* What you are asked to do *
Your reply should reproduce each entry exactly and contain no pictures.

* Source data *
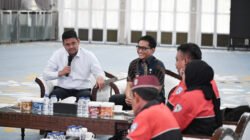 Bobby Nasution Puji Soliditas Komunitas Vespa, Kekeluargaan Tak Ternilai dengan Uang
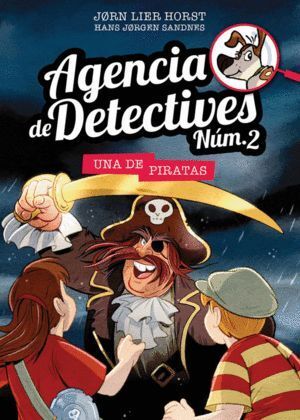 AGENCIA DE DETECTIVES 2 11 UNA DE PIRATAS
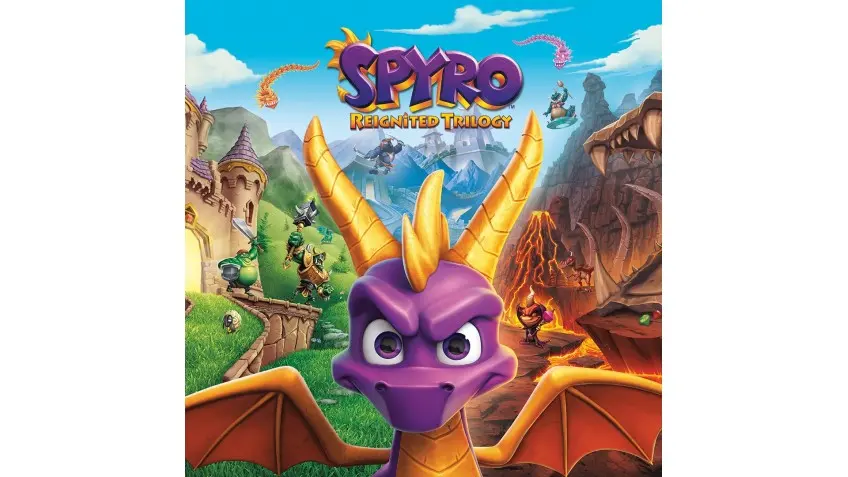 Spyro xbox one s store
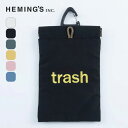 ヘミングス ポーイ ポーイ/ウィークエンド HEMING'S POY 45014 携帯ゴミ箱 ゴミ箱 ポーチ 小物入れ カラビナ お出かけ キャンプ アウトドア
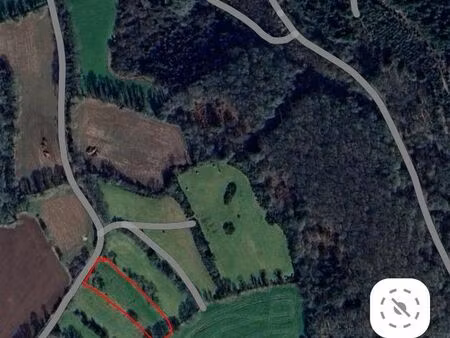 terrain agricole 3090 m2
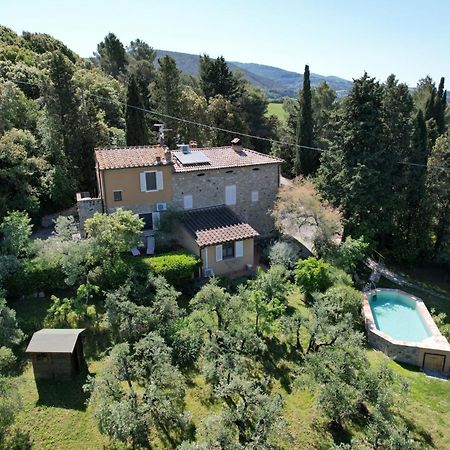 La Locanda Del Barbagianni Santa Luce Exterior foto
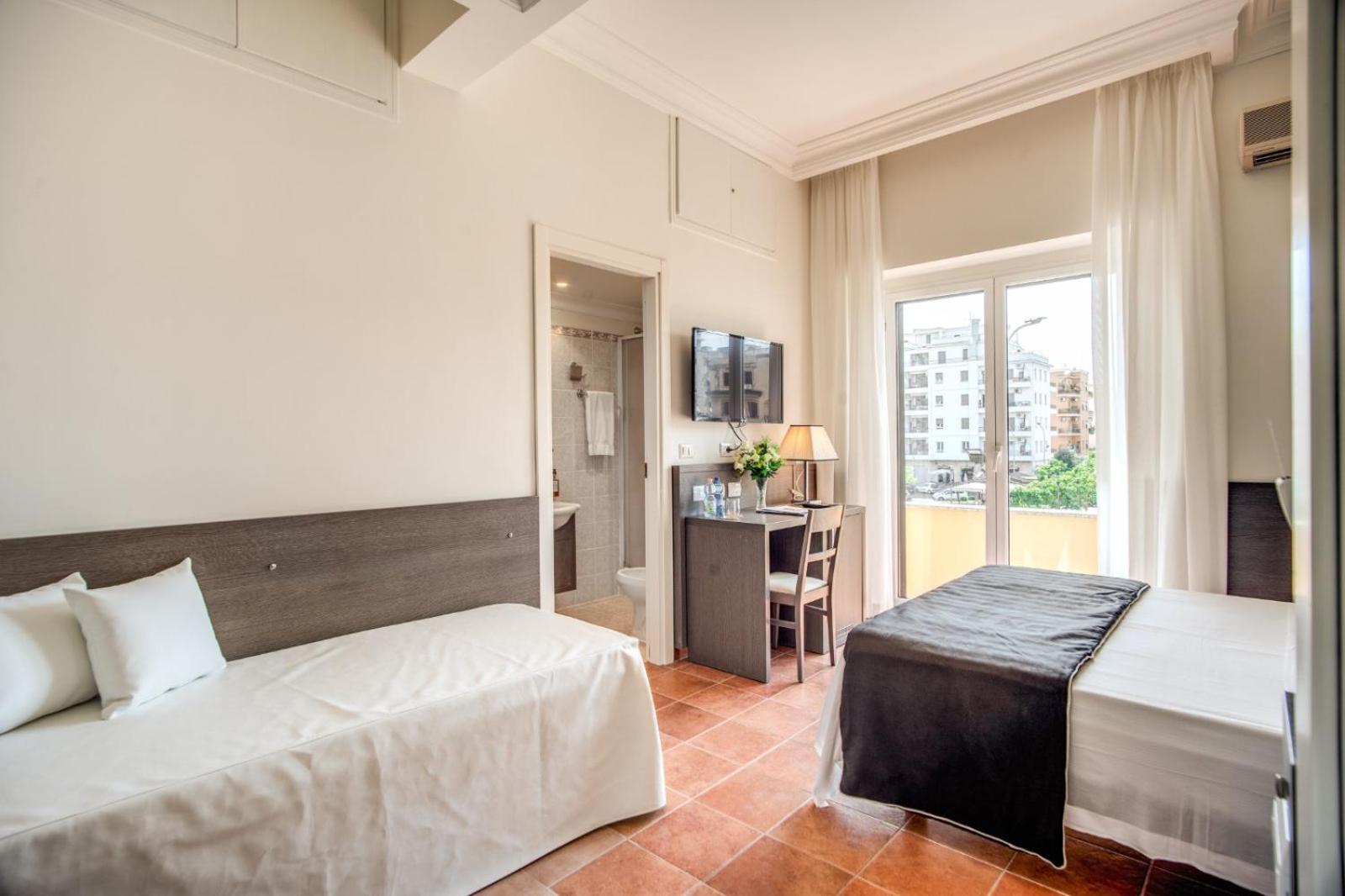 Standard Double or Twin Room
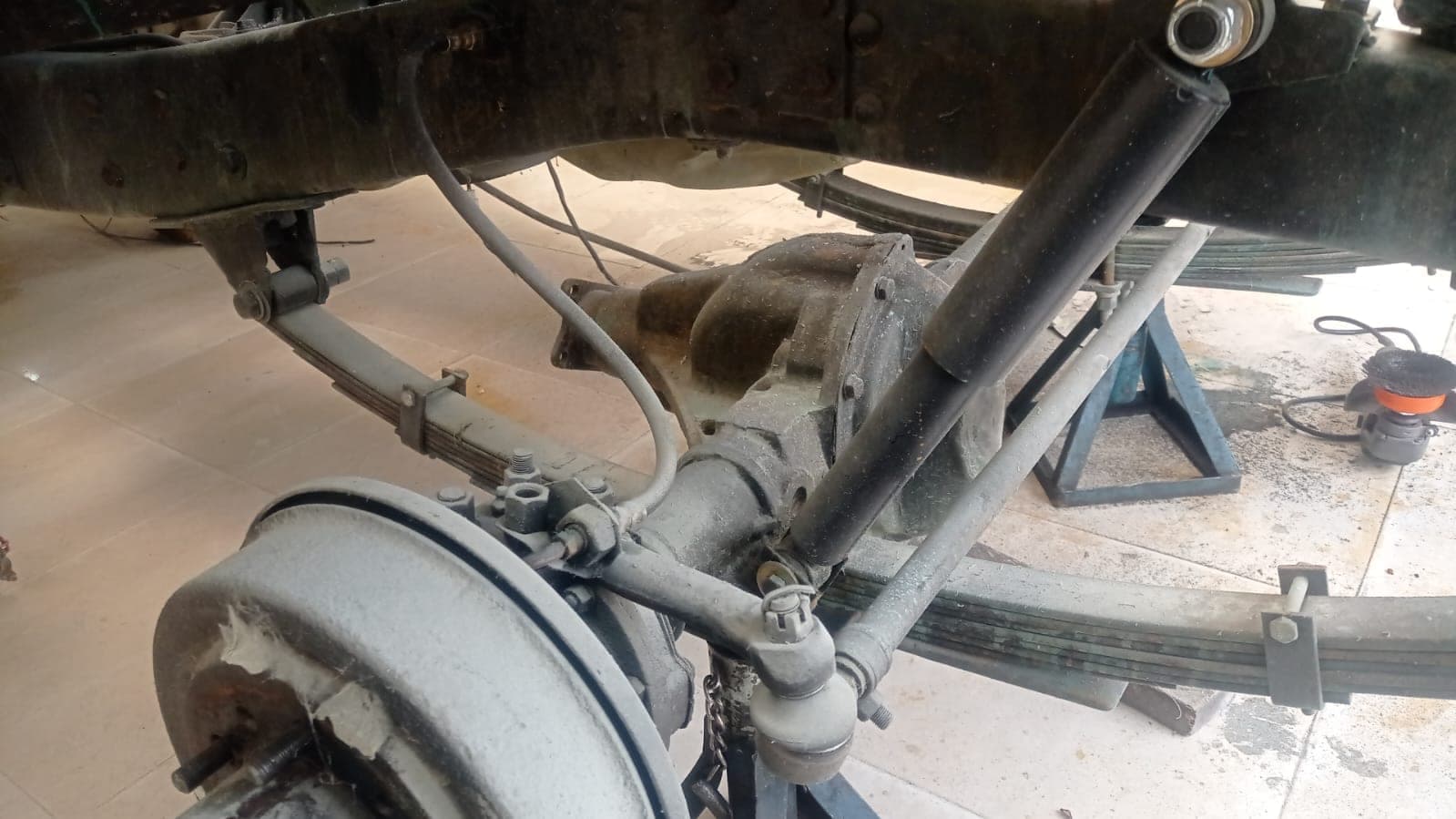 Nissan Patrol — The Restoration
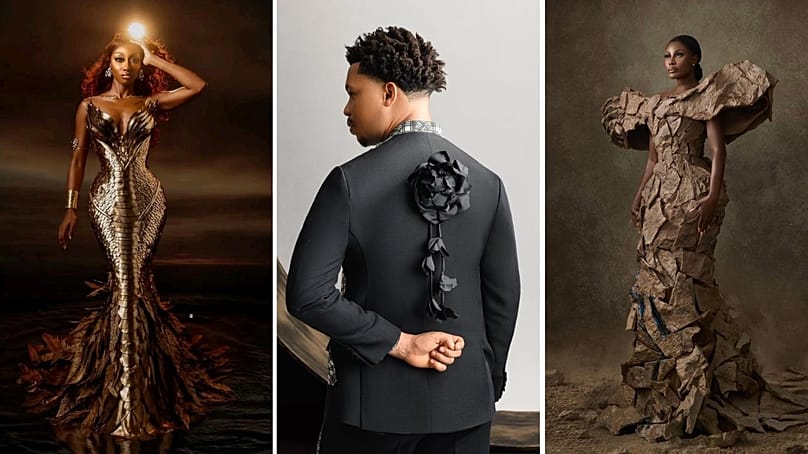 African fashion on the red carpet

* Solution for this problem *
 Bobby Nasution Puji Soliditas Komunitas Vespa, Kekeluargaan Tak Ternilai dengan Uang
 AGENCIA DE DETECTIVES 2 11 UNA DE PIRATAS
 Spyro xbox one s store
 ヘミングス ポーイ ポーイ/ウィークエンド HEMING'S POY 45014 携帯ゴミ箱 ゴミ箱 ポーチ 小物入れ カラビナ お出かけ キャンプ アウトドア
 terrain agricole 3090 m2
 La Locanda Del Barbagianni Santa Luce Exterior foto
 Standard Double or Twin Room
 Nissan Patrol — The Restoration
 African fashion on the red carpet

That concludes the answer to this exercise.